キャプテンの辻井は、デフならではの難しさも痛感しているようでした。「毎日やれる学生の部活とは違うし、ましてや聞こえ方も様々です。耳が聞こえない人は手話で会話するし、補聴器を使えば聞こえる人は声で話したり、コミュニケーションの取り方もまちまちです。コミュニケーションのバリアがあるなかで、お互いにコミュニケーションを取れるようになって、練習がようやく軌道に乗ってきました。向いている方向はみんな同じなので、コミュニケーションのズレをなくして、さらに練習を重ねて、11月のデフリンピックまで仕上げていきたい」と話していました。

辻井から「キャプテンとしての僕はどうでしたか?」と逆取材された時、一瞬返事に困りました。健聴のハンドボールなら「声を出しているのが、いいキャプテン」という大原則があります。周りに声をかけて、チームメートを引っ張っていくのが、理想のキャプテン像です。ところがデフの場合、声がありません。
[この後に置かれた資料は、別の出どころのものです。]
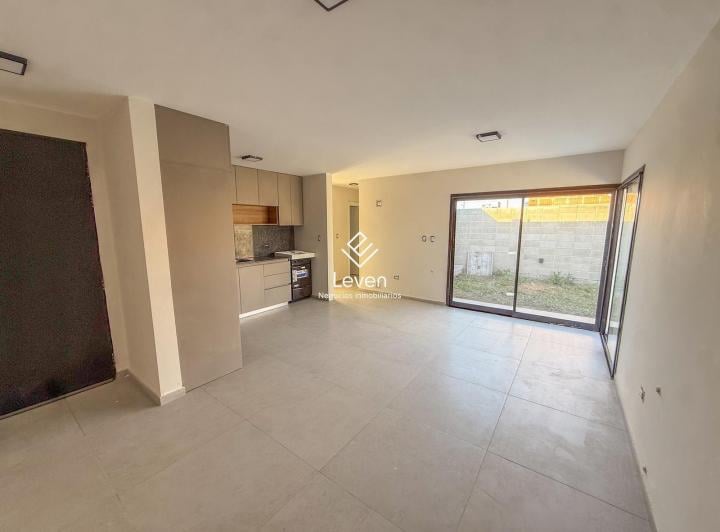 Casa · 71m² · 2 Ambientes · 1 Cochera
何をどう評価したらいいのか、わかりませんでした。おそらく辻井も、キャプテンとしての立ち居振る舞いに悩んでいるのでしょう。とはいえ、右利きのライトバックという難しいポジションでハードワークする辻井は、間違いなくチームの精神的支柱です。シュート確率をもっと上げていければ、チームの盛り上げ役になれるはずです。(下に記事が続きます)

#9 齋 亮人:周りを活かし、スペースに切れ込む

齋は周りを活かせるタイプのバックプレーヤー
齋は周りを活かせるタイプのバックプレーヤー

川崎市のチームと対戦した2月の練習試合で、ひと際目立っていたのがバックプレーヤーの齋でした。ピヴォットの翁孝嘉がスライドして、DFを連れ去ったスペースに、齋が鋭くカットイン。リーグHで言えば、北ノ薗遼(ブルーサクヤ鹿児島)の得意技のようなプレーをしていました。これは間違いなくハンドボール経験者だと思って話を聞いたところ、中学、高校とプレー経験のある実力者でした。

宮城県の成田中学で、齋はハンドボールを始めました。「荒井啓貴先生にハンドボールの基礎を教わりました。僕の原点です」と言います。宮城の強豪・県立利府高校でもハンドボール部に所属しました。「中学、高校とエースがいたので、僕は『パスを回してあげるから、打ってね』というタイプでした。カットインしかできないし、自分で打つのは性に合いません」と謙遜していましたが、確かなハンドボール観の持ち主です。「パラレルとかクロスといったハンドボール用語に当てはまる手話がないので、ハンドボールの概念を伝えるのは難しいですね。だからパラレルは『並行』、クロスは『バツ』みたいに、シンプルに伝えています」。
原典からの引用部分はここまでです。